I am adamant that one of the main reasons for this and other types of negative press out there is because of the billboard campaign by American Atheists. The billboards are inflammatory. They are not thought provoking or lead to thoughtful debate or discussion. They are insulting and I am frustrated that this is how American Atheists think our movement should be perceived and represented. I have wrote to the Chairman of the Board of AA and asked him to reconsider this campaign. Although the idea of the billboard I'm all for, what they say needs to make people say or think "wow, that's great, and it's something I want to check out further". We need to do better!
What are your thoughts on this? Do we need to write to American Atheists via petition?
Negative Examples of the Campaign:
"You KNOW It's a Myth. Celebrate the Season with Reason" - This is the most common one.
"You Know There Is No God -- We Know You're Right!"
"Jesus Affirmed a Gay Couple"
"You know they are All Scams"
"Don't believe in God?" "You are not alone."
IMO, those examples you've given aren't negative at all. Not in a scathing way. They are just matter-of-fact, and, imo, all religions ARE scams. I see nothing wrong with saying these.
I think we also need to understand the medium here. Any billboard with more than 8 words is overkill. Typically, any more than that and they won't be / can't be read, though it is not uncommon to see some that have much more than that.
When people are driving down the road, the message must catch their attention and identitfy to them where they can learn more (or buy the product, or where to turn off to eat at Joe's Diner). They are not meant to be thought-provoking, and they can't be.
Also, a mixture of approaches will likely get more results, as different people respond to different things.
I just don't see a big issue here. No matter what atheists say, theists will likely have a problem with it on some level. That is unavoidable. There is no way to frame your message in a way that never offends anyone at any time.

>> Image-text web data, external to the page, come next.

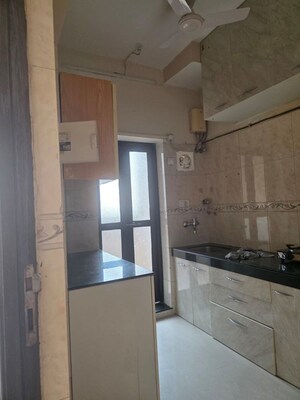 Kitchen in 1 BHK Apartment at K Raheja Heights, Malad East – for Rent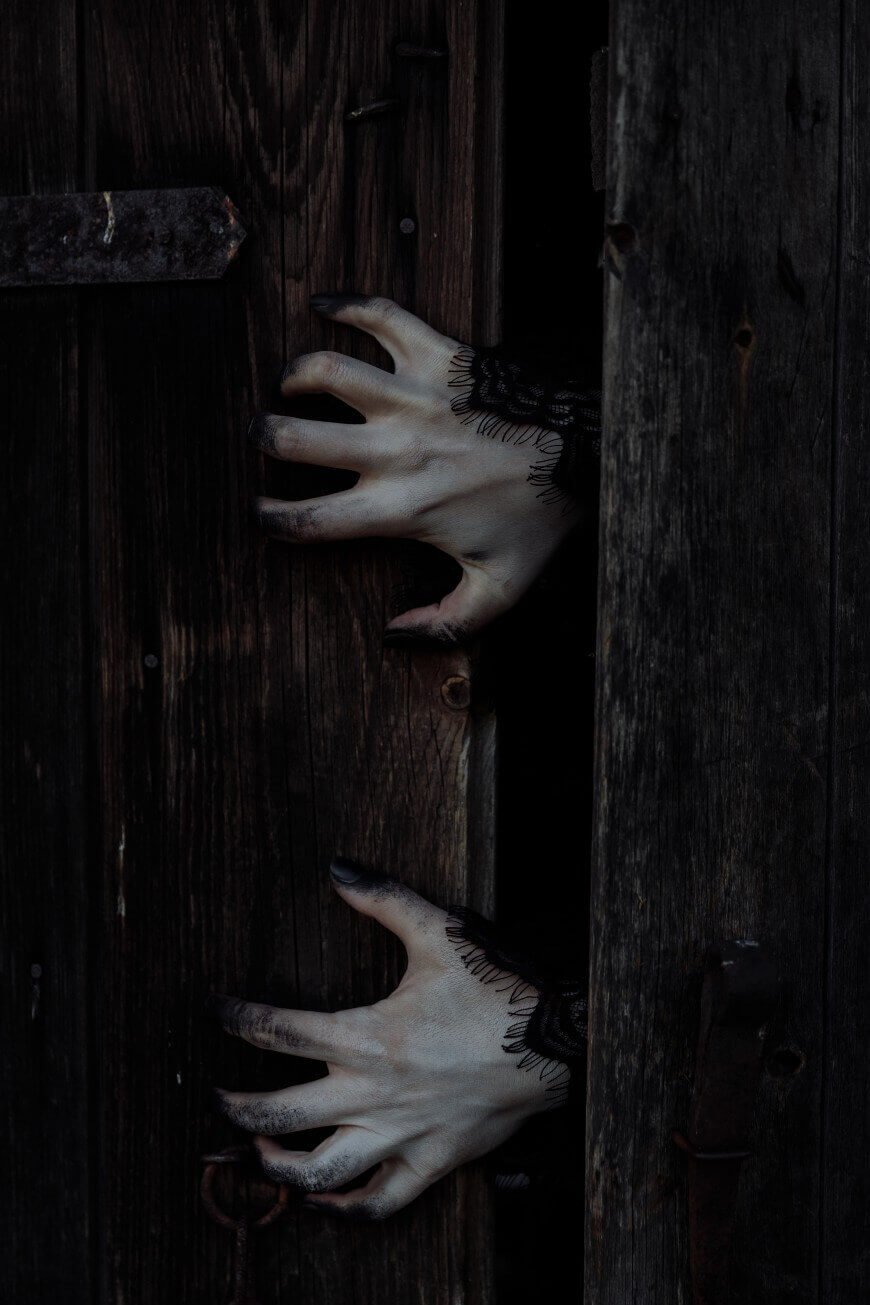 Two pale hands with black fingernails and lace cuffs reach through a narrow gap between old, dark wooden doors, creating an eerie and mysterious atmosphere.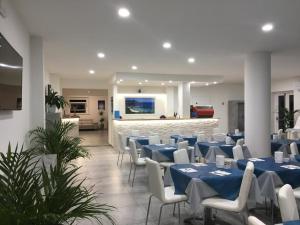 阿祖罗港Hotel Barbarossa的宴会厅配有蓝色的桌子和白色的椅子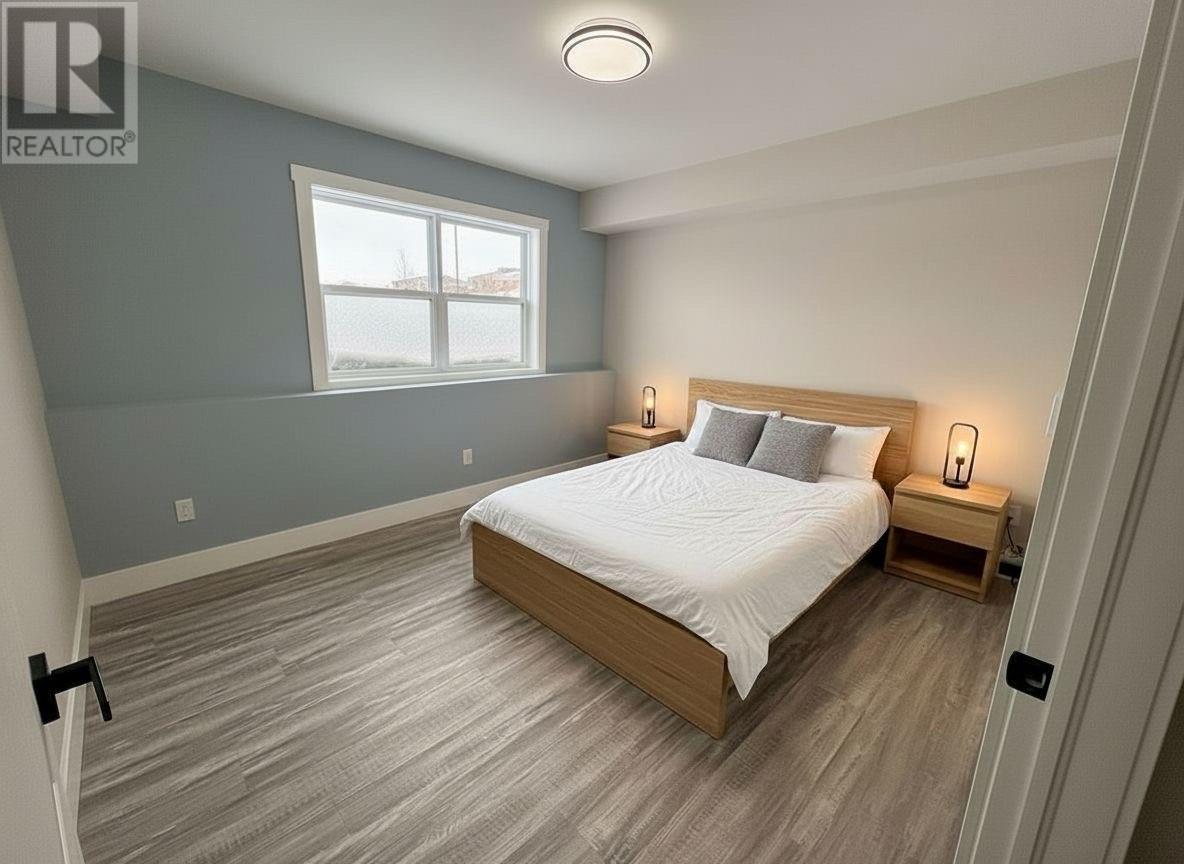 A bedroom with a bed, nightstands, and a window.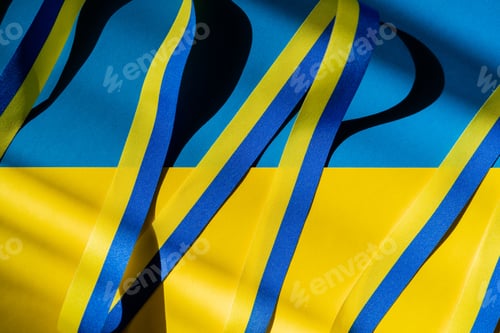 Preview: Top view of blue and yellow ribbon with shadow on ukrainian flag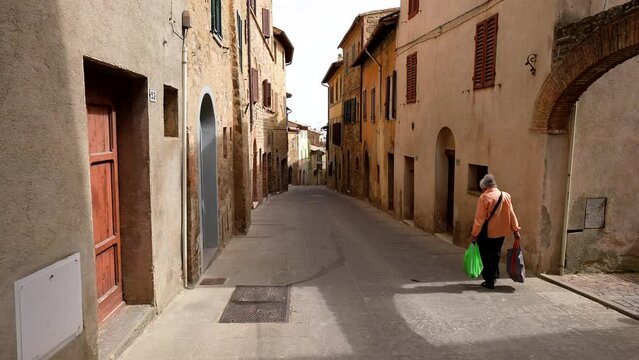 a lone older woman with shopping bags walks a lonely street in Siena Italy in morning sunshine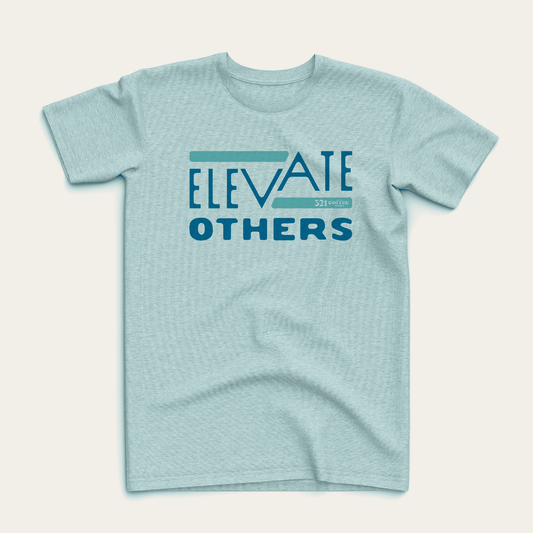 Teal t-shirt reading "Elevate Others" in blue text on the front.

Dallas I take issue especially in the last one "You know they are all Scams". It is an insult. But I get your perspective.

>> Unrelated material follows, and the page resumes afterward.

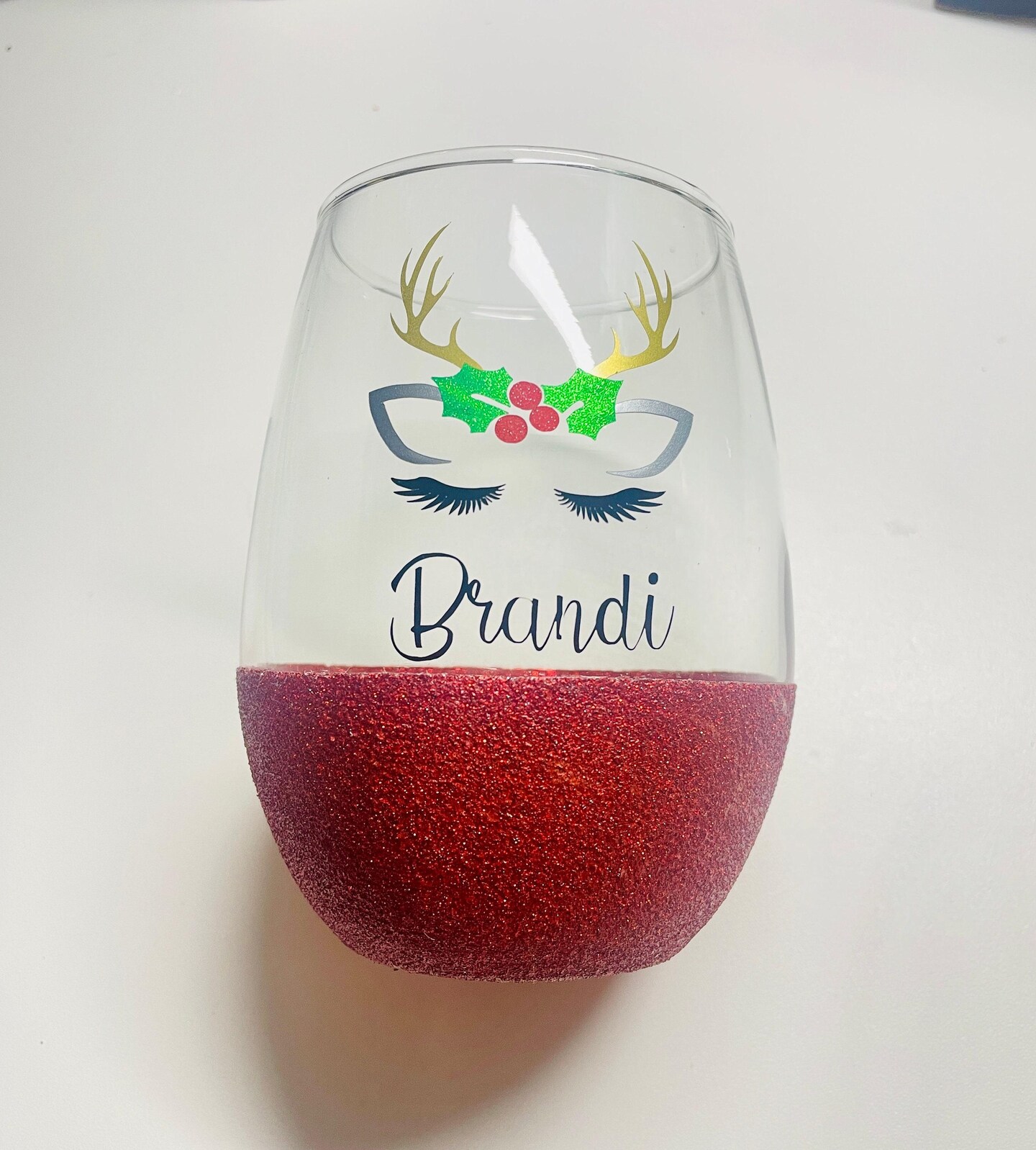 Glittered good reindeer hand painted wine glasses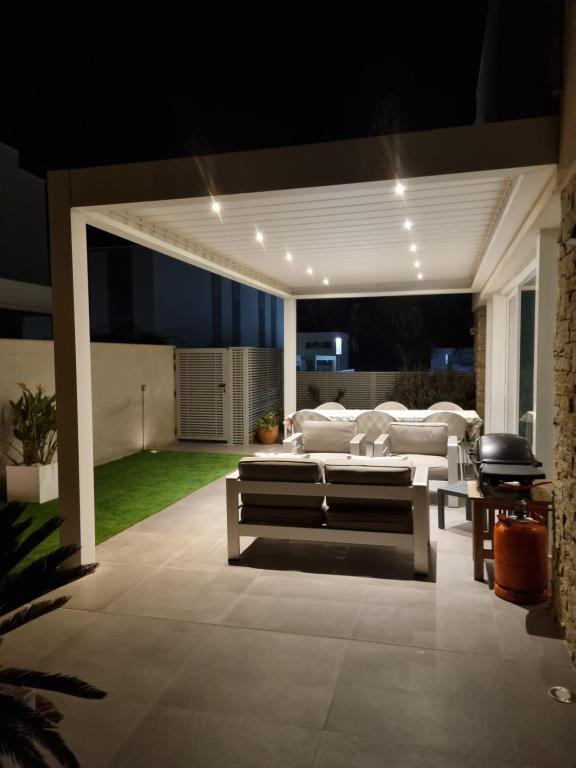 a patio at night with a couch and a table at Casa Vistas al Mar en Alcossebre in Alcossebre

I've done a lot of work in conflict resolution and the way to get a point across is not to cause defensiveness through aggression which is what it does.
I hate to take O'Reilly's viewpoint, but taken out of context, if I call anything you care about "a scam" it is insulting. It would give me no reason to engage your further.

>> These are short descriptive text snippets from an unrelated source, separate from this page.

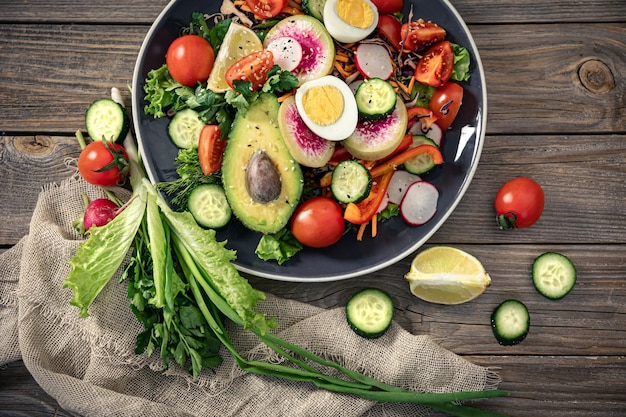 Apetitosa salada de legumes com ovos de abacate em um fundo de madeira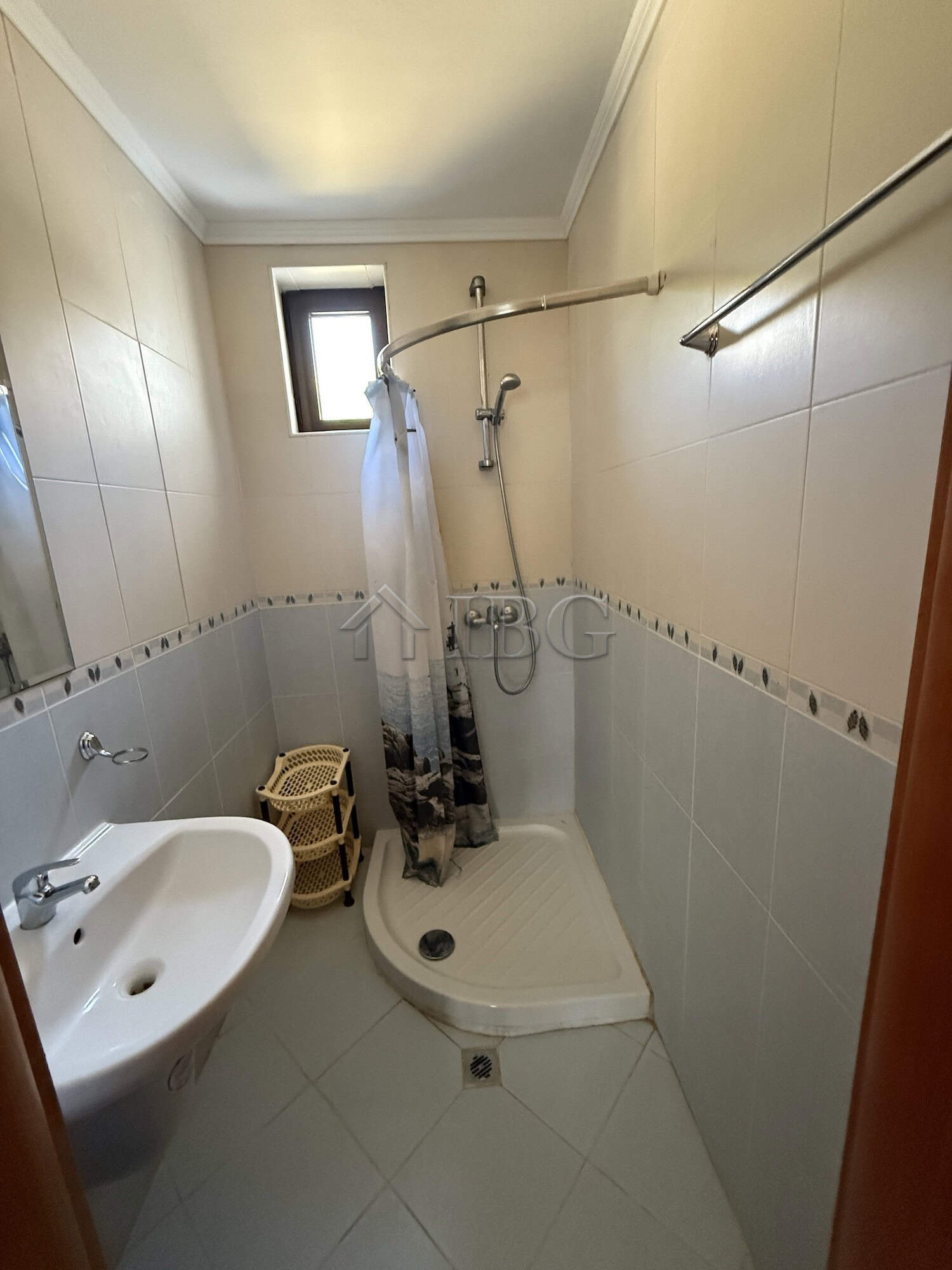Compact bathroom with shower, sink, and small window in Vodenitsata Complex, Sveti Vlas.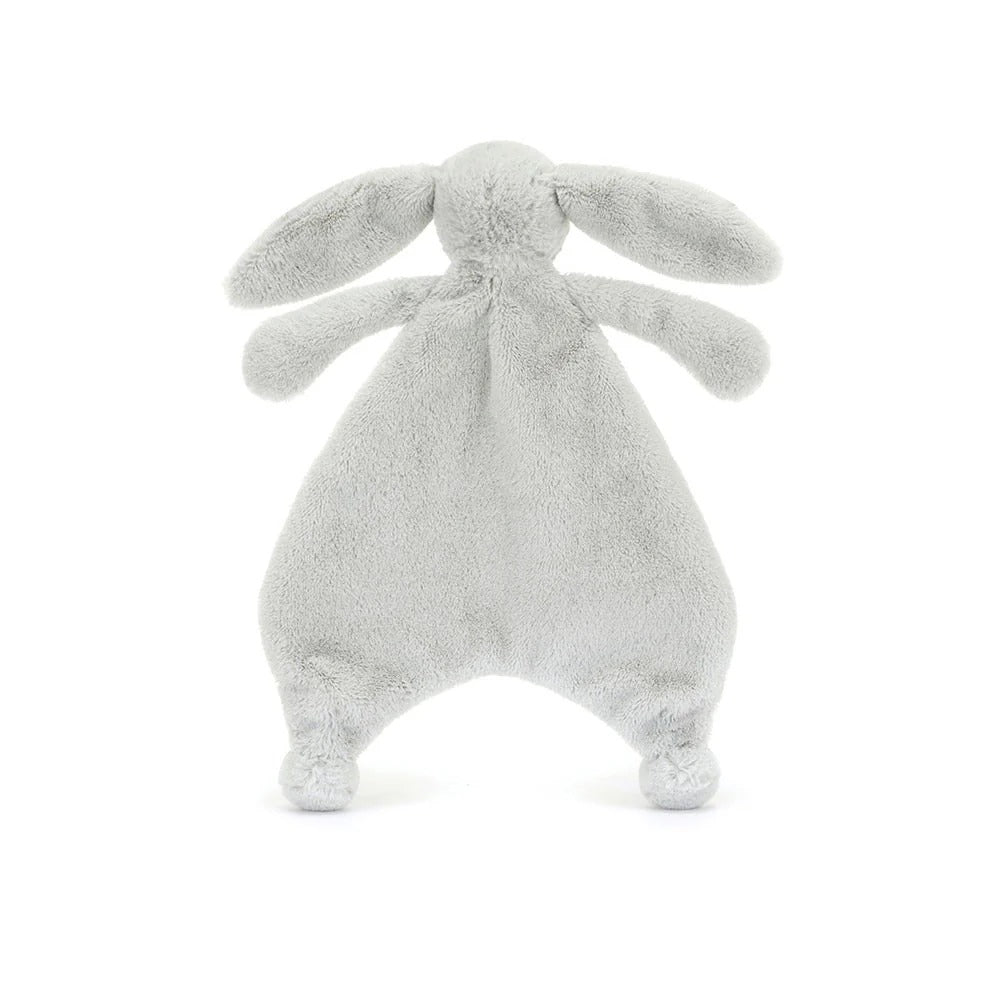 A back view of a silver plush bunny comforter with long floppy ears, stitched facial features, and a flat blanket-style body with lightly padded arms and feet, positioned standing against a white background.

I understand what you're saying, but not long ago I ran across some research that showed that people cling to their beliefs all the stronger when you've systematically shown them that they are flawed. I can't quite remember the source at the moment, or I'd link to it, but it was something along those lines.
Trying to reason with someone IS NOT an effective tool for getting them to change their minds. Of course, I understand that calling them an idiot is ineffective, either. Ultimately, I think it has to be a realization in the individual himself. He has to take the step to acknowledge that his beliefs are without evidence. If he can't do that, then reason, ridicule, shame, or social shunning will not do it.
Then how about a message that is engaging rather than provoking?
Aspire to Reason
Perhaps it's a type of Dunning-Kruger effect, where religious people tend to overestimate the validity of religious arguments and its proponents, and underestimate the validity of scientific arguments and its proponents. In religion, the search for knowledge is assumed to be negative and persons with knowledge should be doubted.
Many religious people refuse to accept the authority of scientists upon the meaning and origin of life, and therefore ignore the arguments. Admittedly, I am not very good at listening to and concidering the arguments of religion, because I fnd it hard to understand why anyone would doubt the massive amount of evidence to the contrary.
The most worrying thing about religioin is not it's acceptance of a higher being, it's the rejection of evidence based science.